This is the god-object of machine learning. Everything — every task, every model, every algorithm — is a different question asked of $P_{XY}$. Want to classify? Ask for the conditional $P_{Y|X}$. Want to predict a number? Compute $\mathbb{E}[Y | X = x]$. Want to generate realistic data? Sample from the marginal $P_X$. Want to understand which inputs are informative? Look at the mutual information between $X$ and $Y$.

The tragedy: we never get to see $P_{XY}$ directly. We only see $D$ — $n$ samples drawn from it. All of ML is the art of drawing conclusions about $P_{XY}$ from this finite, noisy, incomplete glimpse.

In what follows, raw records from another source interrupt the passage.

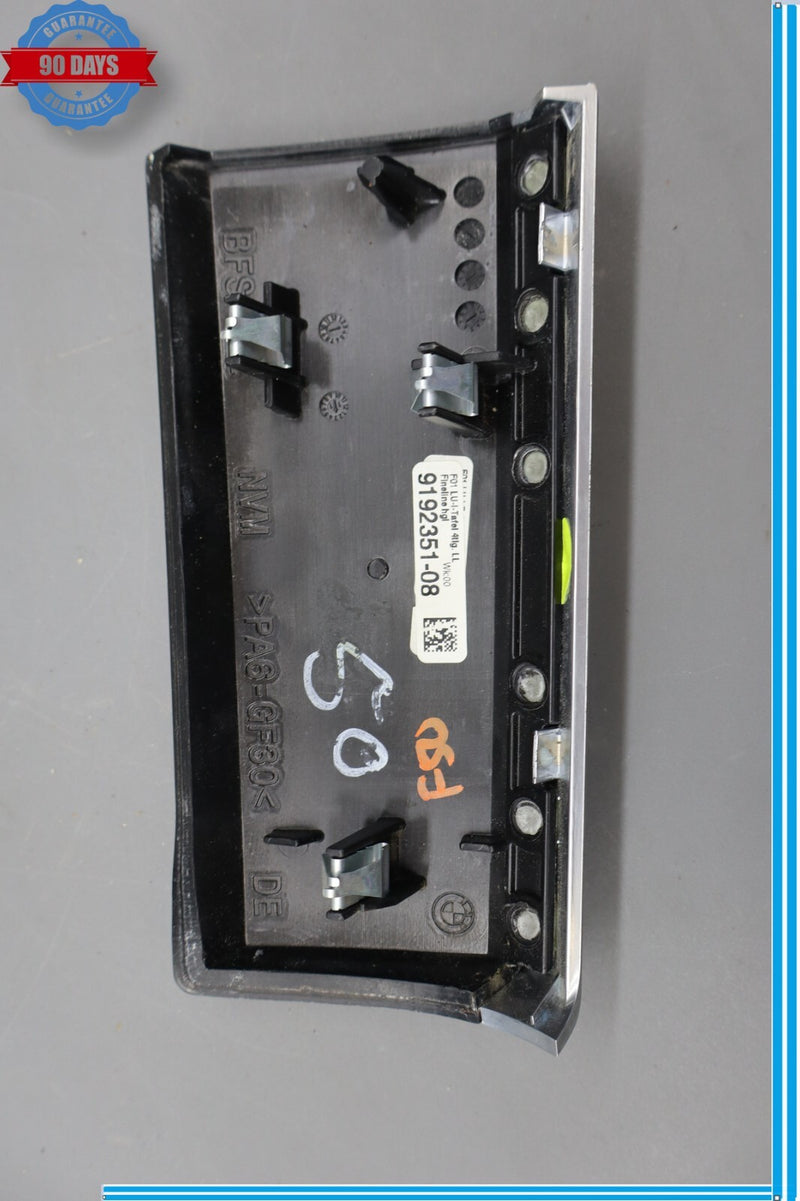 Load image into Gallery viewer, 09-15 BMW 740i 750Li xDrive Front Dash Climate Control Switch Trim Bezel Oem
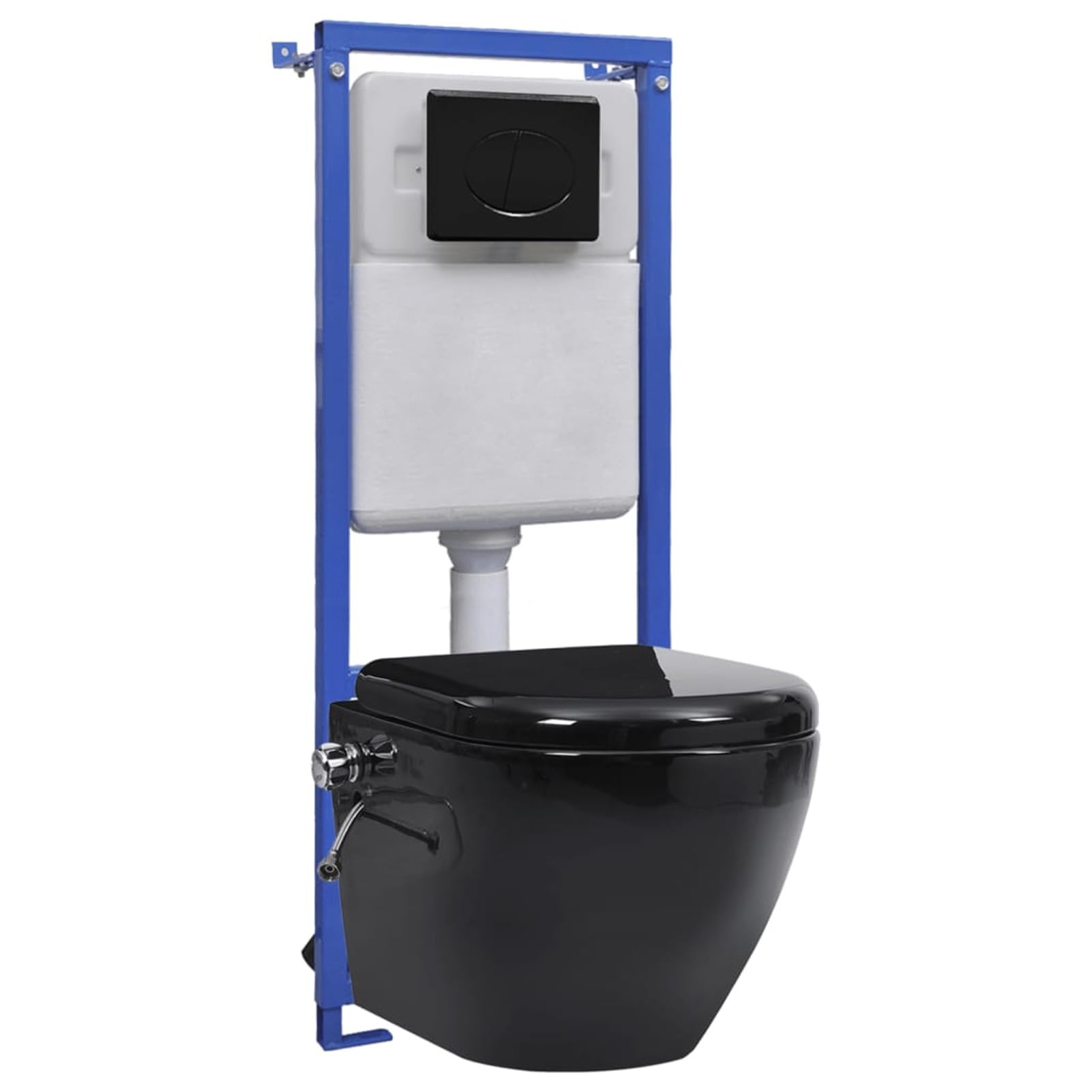 Inodoro suspendido sin Borde con Cisterna Oculta cerámica Negro, Inodoro Completo, Baños Completos, Toilet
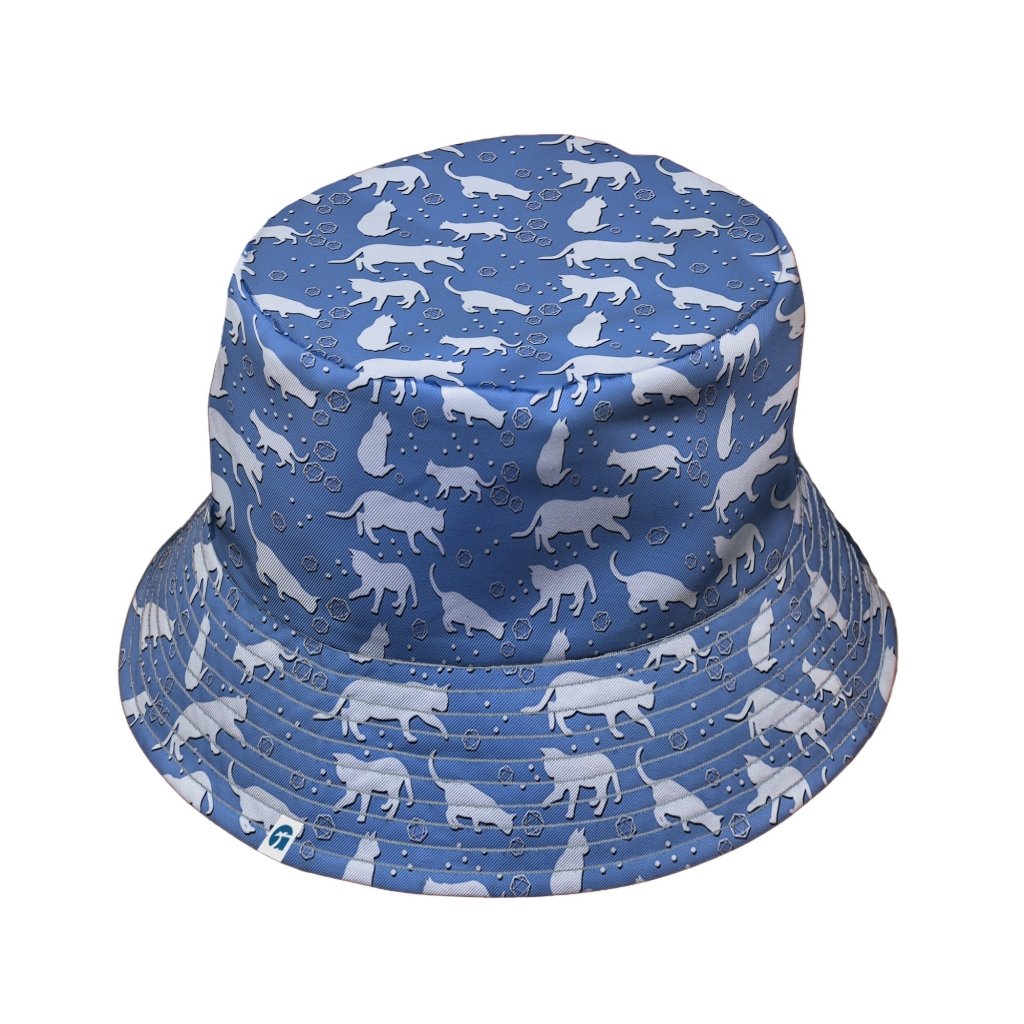 Dnd Dice Cats Bucket Hat - M - Black Stitching - -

ML Task	What you're really estimating	Example
Classification	`P(Y \| X)` — probability of label given features	Is this NIFTY move a breakout or a trap?
Regression	`E[Y \| X]` — expected output given features	What will NIFTY close at tomorrow?
Density Estimation	`P(X)` — marginal distribution of features	How unusual is today's INDIA VIX reading?
Anomaly Detection	Regions where `P(X)` is very low	Flag suspicious order flow on NSE
Generation	Sample new `x ~ P(X)`	Simulate a realistic NIFTY return path

Every time NSE publishes a new options chain at 9:15 AM, that is one data point $(x_i, y_i)$ — a snapshot of the market state and the resulting option prices. The entire history of NSE options data since 2001 is just $D$: roughly 5,000 trading days, one sample per day from an infinite, unknown $P_{XY}$. The market has been running for over two decades and we still have only 5,000 samples. For context, a state-of-the-art image classification model trains on 14 million images. This is why financial ML is genuinely hard, and why the elegant theory we're building here must always be applied with humility about sample size.

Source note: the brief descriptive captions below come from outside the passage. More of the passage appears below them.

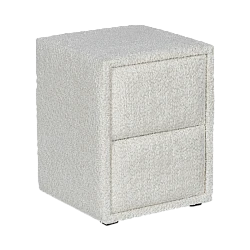 Bedroom bedside table COMO - cream AN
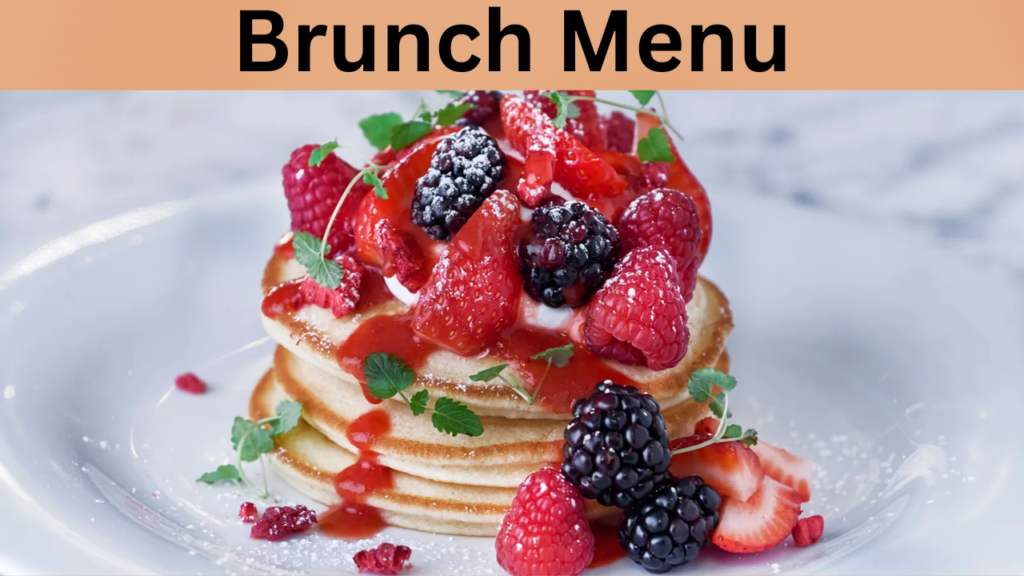 Brunch Menu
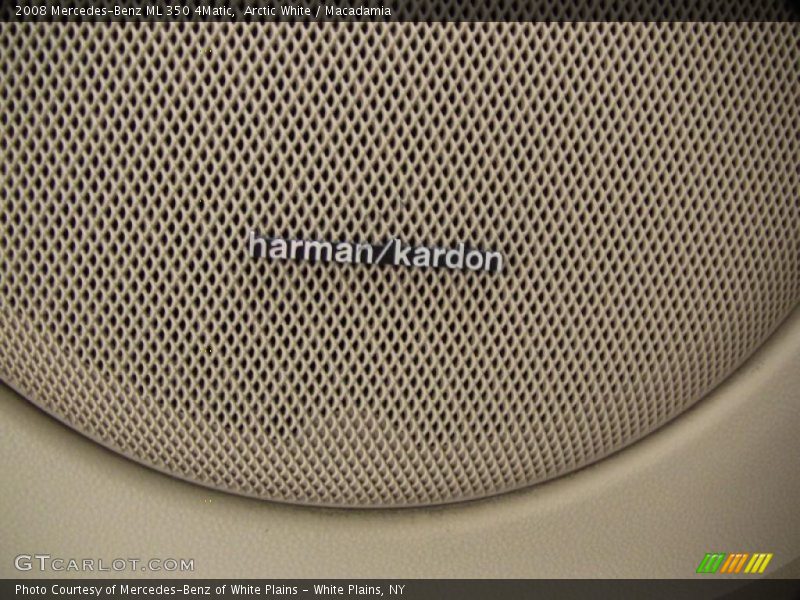 Arctic White / Macadamia 2008 Mercedes-Benz ML 350 4Matic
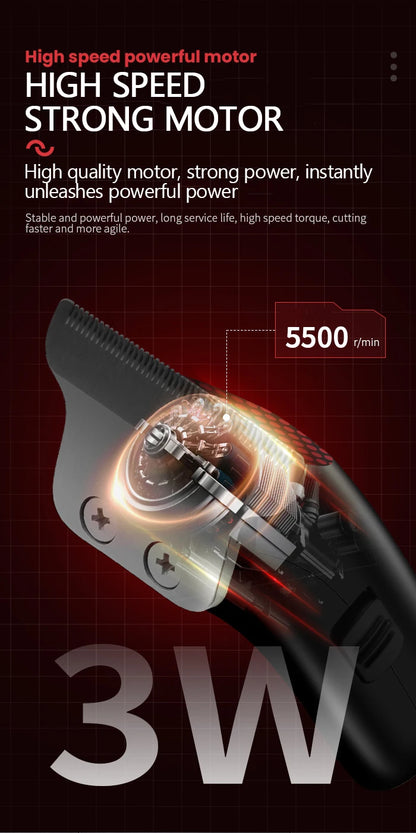 Kemei 889 Professional Pocket Cordless Hair Clipper Kit
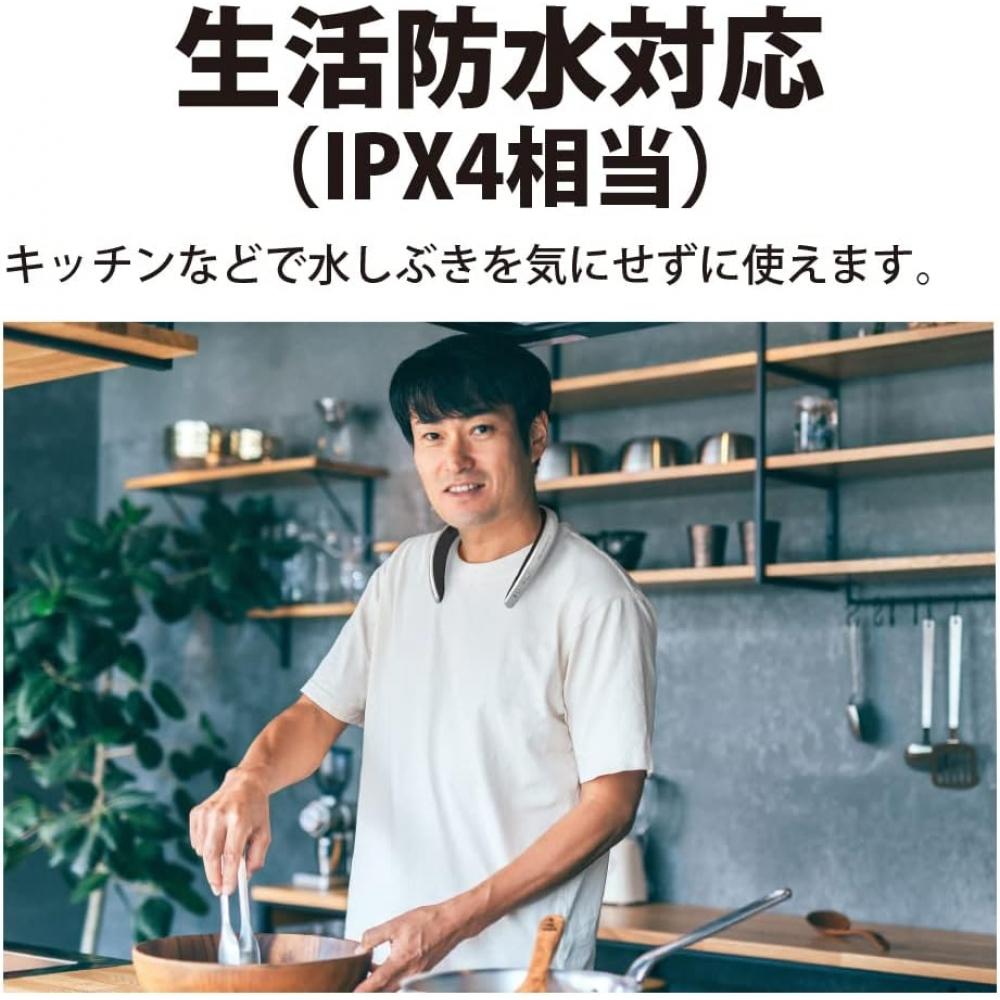 Sharp Welable Neck Speaker An Sc1 S aquoS Sound Partner Amazon Alexa Bluetooth Waterproof For Life  Silver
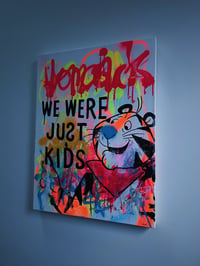 Image 3 of We were just kids (18 x 24) original painting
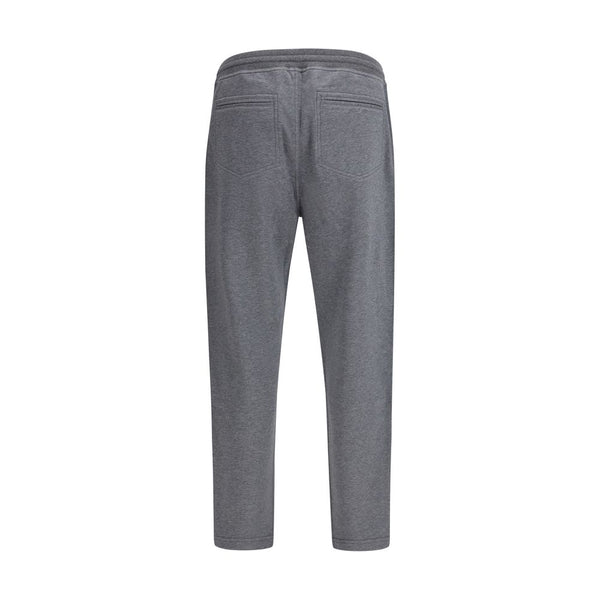 Gray Cotton Casual Pants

Worked Example 1 · Identifying the ML Problem 🏏 IPL + 🇮🇳 NIFTY

For each scenario below, identify $\mathcal{X}$, $\mathcal{Y}$, what $P_{XY}$ represents, and which ML task is being performed.

Scenario A — IPL match prediction

Before each IPL match, you observe: pitch report (5 categorical features), toss result, playing XI on both sides (22 binary indicators), recent team form (win/loss over last 5 games). You want to predict whether the batting-first team scores above 180.

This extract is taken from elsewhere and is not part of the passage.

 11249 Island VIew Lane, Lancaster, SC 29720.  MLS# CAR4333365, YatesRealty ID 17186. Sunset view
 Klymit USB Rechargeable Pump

$\mathcal{X} \subset \mathbb{R}^{30}$ approximately (encoding all the features above). $\mathcal{Y} = \{0, 1\}$ (below 180, above 180). This is binary classification. We're estimating $P(Y=1 \mid X=x)$ — the probability of a high score given the match conditions. $P_{XY}$ encodes everything about how pitch conditions, team composition, and form collectively determine scoring outcomes.

Scenario B — NIFTY intraday return prediction

At 9:15 AM each day, you observe: overnight SGX Nifty change, previous day's close-to-close return, INDIA VIX opening level, net FII cash market activity (previous session), and the PCR (put-call ratio) on the front-month contract. You want to predict the NIFTY return from 9:15 AM to 3:30 PM.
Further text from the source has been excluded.